What you need to do. Output only the lines below from the one holding "Marešova těhotná manželka" down to the one holding "Boma Jewelry Sentiments", both end lines included and every picture dropped.

Data.

┌────────

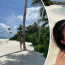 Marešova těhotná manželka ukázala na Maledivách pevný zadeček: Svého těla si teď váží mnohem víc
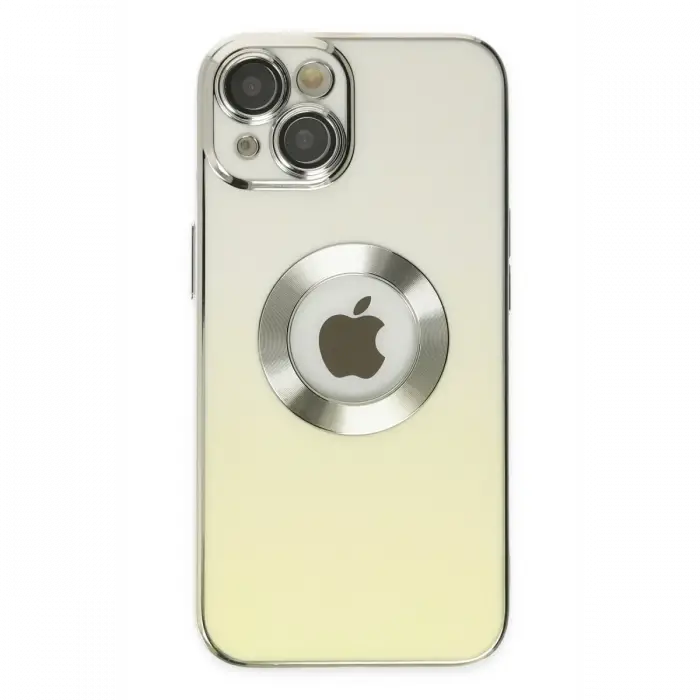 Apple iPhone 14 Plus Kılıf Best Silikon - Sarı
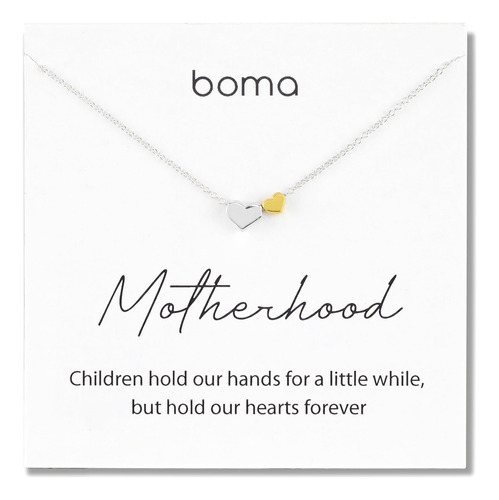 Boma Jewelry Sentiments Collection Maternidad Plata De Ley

└────────
┌────────

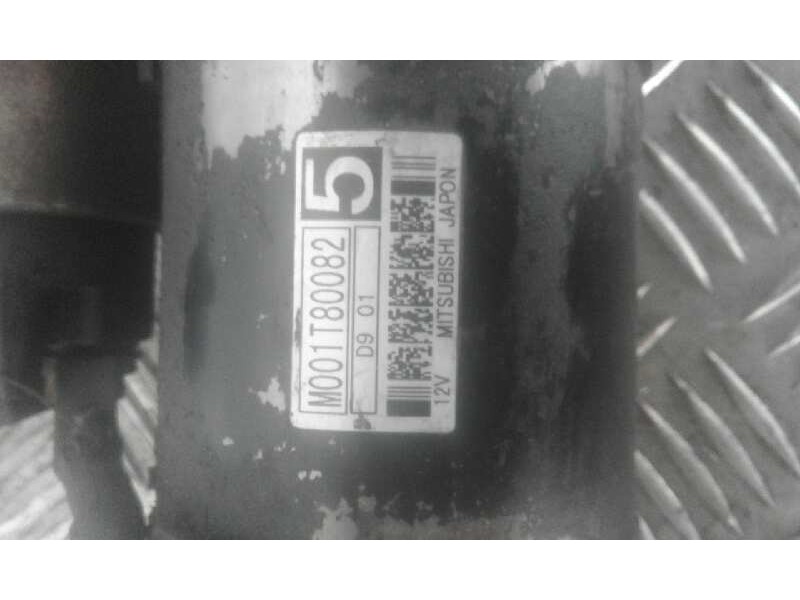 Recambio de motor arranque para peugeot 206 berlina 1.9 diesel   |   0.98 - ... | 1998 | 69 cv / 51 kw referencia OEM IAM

└────────
┌────────

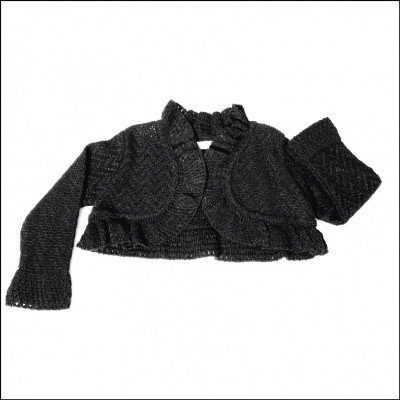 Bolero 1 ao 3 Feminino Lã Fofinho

└────────

Task answer.
 Marešova těhotná manželka ukázala na Maledivách pevný zadeček: Svého těla si teď váží mnohem víc
 Apple iPhone 14 Plus Kılıf Best Silikon - Sarı
 Boma Jewelry Sentiments Collection Maternidad Plata De Ley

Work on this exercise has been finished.